At starting time he ploughed his way through the drifts to the long plank shanty in the bottoms and threw open a door. Instead of being up and stirring, his charges lay in their bunks against the walls, all of them stretched out comfortably there, except a half dozen or so who brewed garlicky mixtures on the big stoves that stood at intervals in a row down the middle of the barracks. Employing the only language he knew, which was a profanely emphatic language, he ordered them to get up, get out and get to work. By shakes of the head, by words of smiling dissent and by gestures they made it plain to his understanding that for this one day at least they meant to do no labour in the open.
One more tolerant than Beaver Yancy, or perhaps one more skilled at translating signs, would have divined their reasons readily enough. They had come South expecting temperate weather. They did not like snow. They were not clad for exposure to snow. Their garments were thin and their shoes leaked. Therefore would they abide where they were until the snow had melted and the cold had moderated. Then they would work twice as hard to make up for this holiday.
The burly, big, overbearing man in the doorway was of a different frame of mind. In the absence of his superior officers and the padrone, his duty was to see that they pushed that job to a conclusion. He'd show 'em! He would make an example of one and the others would heed the lesson. He laid violent grasp on a little man who appeared to be a leader of opinion among his fellows and, with a big, mittened hand in the neckband of the other's shirt, dragged him, sputtering and expostulating, across the threshold and, with hard kicks of a heavy foot, heavily booted, propelled him out into the open.
The little man fell face forward into the snow.
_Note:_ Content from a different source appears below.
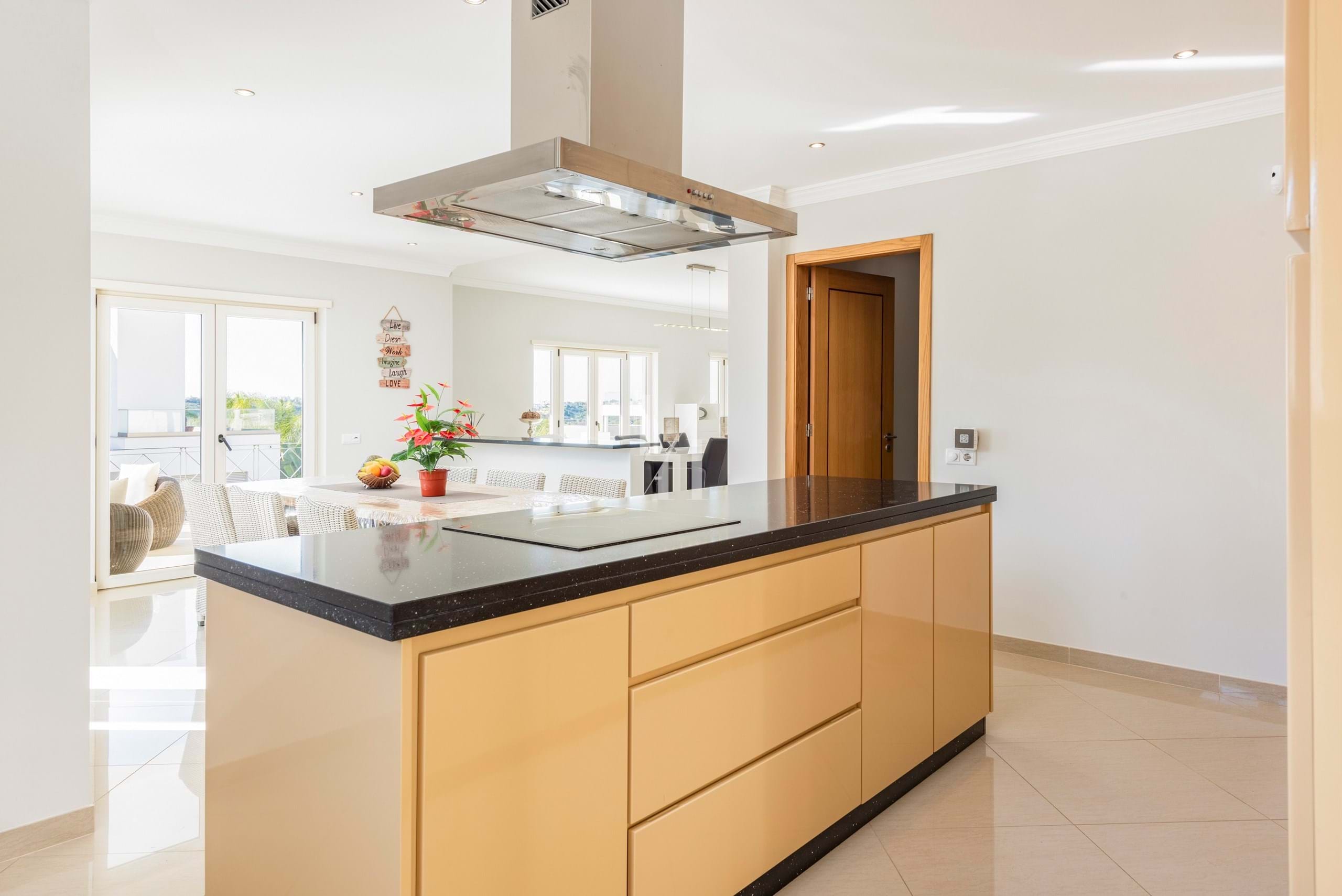 4 Bed, 4 Bath, HouseFor Sale, Albufeira, Faro, 8200-918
He bounced up like a chunk of new rubber. He had been wounded most grievously in his honour, bruised most painfully and ignominiously elsewhere. He jumped for the man who had mishandled him, his knifeblade licking out like a snake's tongue. He jabbed three times, hard and quick—then fled back indoors; and for a while, until help came in the guise of two children of a shanty-boater's family on their way to the railroad yards to pick up bits of coal, Beaver Yancy lay in the snow where he had dropped, bleeding like a stuck pig. He was not exactly cut to ribbons. First accounts had been exaggerated as first accounts so frequently are. But he had two holes in his right lung and one in the right side of his neck, and it was strongly presumptive that he would never again kick a Sicilian day labourer—or, for that matter, anybody else.
Judge Priest, speaking dispassionately from the aloof heights of the judicial temperament, had said it would be carrying out an excellent and timely idea if the chief of police found the knife-using individual and confined him in a place that was safe and sound; which, on being apprised of the occurrence, was exactly what the chief of police undertook to do. Accompanied by two dependable members of his day shift, he very promptly set out to make an arrest and an investigation; but serious obstacles confronted him.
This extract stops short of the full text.